Your instructions :: Everything in the listing must be repeated exactly, apart from the images.

Raw data ::

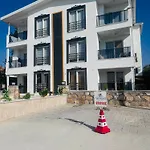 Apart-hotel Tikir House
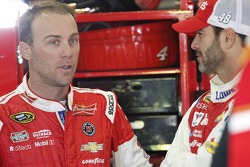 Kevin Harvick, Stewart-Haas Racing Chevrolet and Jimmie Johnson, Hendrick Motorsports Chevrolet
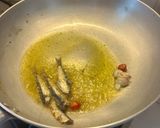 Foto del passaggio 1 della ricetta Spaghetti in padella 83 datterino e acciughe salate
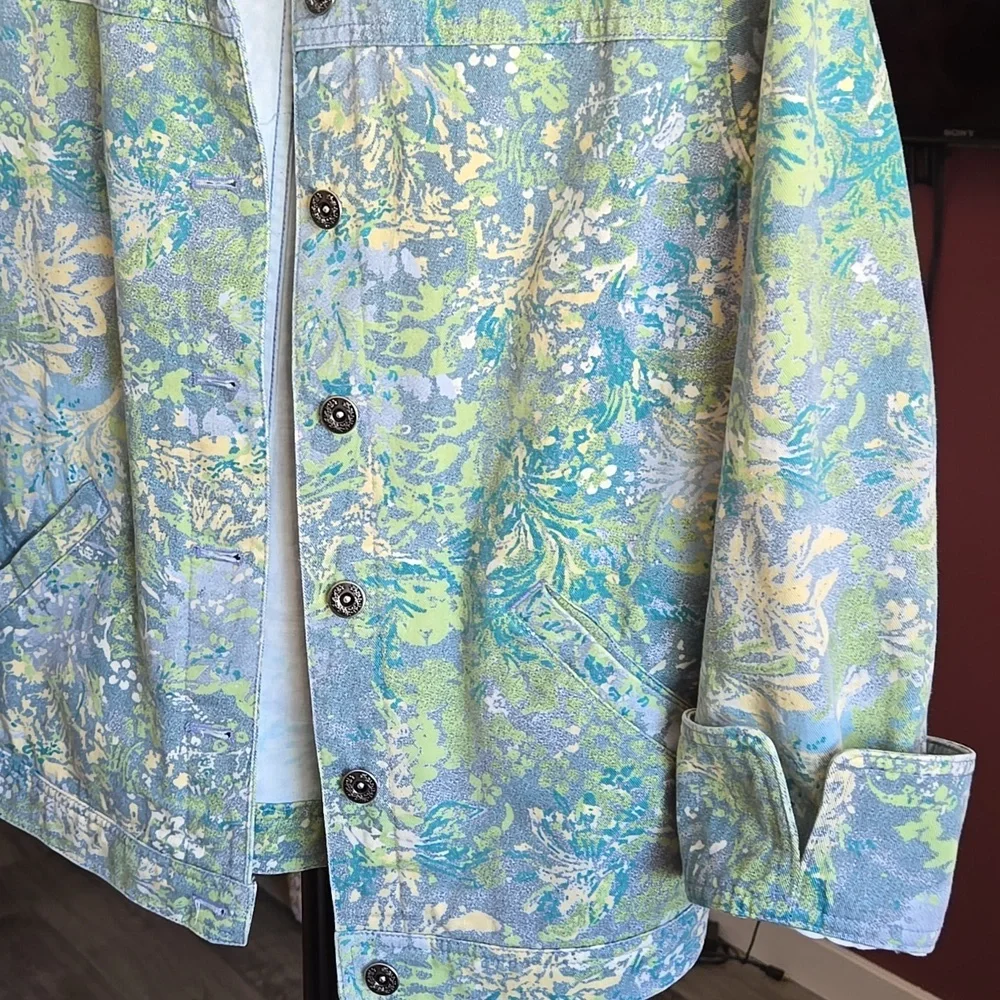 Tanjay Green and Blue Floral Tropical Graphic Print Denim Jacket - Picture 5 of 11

Answer section ::
 Apart-hotel Tikir House
 Kevin Harvick, Stewart-Haas Racing Chevrolet and Jimmie Johnson, Hendrick Motorsports Chevrolet
 Foto del passaggio 1 della ricetta Spaghetti in padella 83 datterino e acciughe salate
 Tanjay Green and Blue Floral Tropical Graphic Print Denim Jacket - Picture 5 of 11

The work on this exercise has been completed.